A Pentecostal church three houses down held services in Spanish, which didn’t stop our mother from herding us there once a week. We’d been baptized Catholic, but it didn’t matter. The church on Grand Avenue could have spoken in tongues and handled snakes and she wouldn’t have cared. She was still commuting to her job near the refuge and stopping on break to see herons. She was high and light and prone to flights of fancy, and thought the church would be a good idea.
“It’s so pretty inside with all those windows,” she said, and added, “Maybe we’ll learn some Spanish.”
Everyone smiled and sang, and we made friends with the Padilla family, who lived next door to the church, whose father wore starched shirts and ties, and whose mother invited us girls to learn to embroider hand towels. With two parents, a house they actually owned, and a fence that circled their front and back yards, closing off their property to the rest of the street, the Padillas were the elite of our neighborhood. Because the Padilla kids were our age and because their parents thought we were somehow different from the other grubby kids on Grand, they allowed us to unlatch the front gate and join them.

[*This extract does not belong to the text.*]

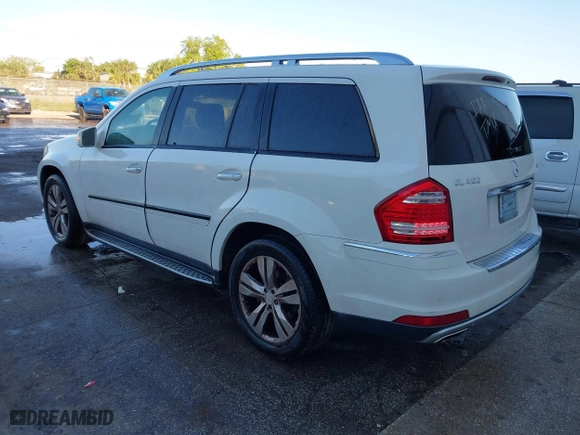 2011 Mercedes-Benz GL-Class GL 450 with VIN 4JGBF7BE1BA641658, listed as a IAAI auction lot 41756641 with 148,474 mi miles. Bid and sale history available at carsss.com. Image 3.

On Sundays, after attending the church service we didn’t understand, we visited the Padillas, played kickball, and ate the greasy foods their mother served. Arroz con gandules. Bacalao. Platanos fritos. We loved playing in their deep green yard, instead of in the street, where we had to stop our game every few minutes to let cars pass. The oldest Padilla girl liked my brother Anthony. His long hair and her flirting with him in see-through pink cotton shirts somehow went unnoticed by Mr. Padilla, and our way of life became almost routine.
Until I fought with Itza.
Itza was my age, and must have said something mean about my being white or having mismatched clothes, so I said something back and we fought. Behind the church. The lawn was in need of mowing; we were alone in grass that went to our knees. Everyone else was in church, their thin singing leaking out the windows. Having always relied on Steph to do my fighting, I didn’t even know where to begin.
It was awkward for that first moment, the intimacy of standing face to face, the tension of the impending fight heavy in the air, my not knowing which hand or leg to push first into combat. Finally, when I realized I had to begin somehow or else stand fixed in starting pose forever, I grabbed hold of the gold hoop hanging from Itza’s right ear and yanked it down. Hard.
She held her ear and screamed. There was blood on her finger and she cried out so loudly I covered my ears until her crying beat out the singing, and people came running, looking at me with disdain.
Que mala esa blanca—what a bad white girl.
Mrs. Padilla wiped Itza’s ear with one of her embroidered washcloths while my mother swiped me in the head and apologized for my behavior.
“I understand,” Mrs. Padilla said. “Kids will be kids.”
But after our fight, the Padilla gates closed to us and we stopped attending the church where none of us ever knew what was being said anyway.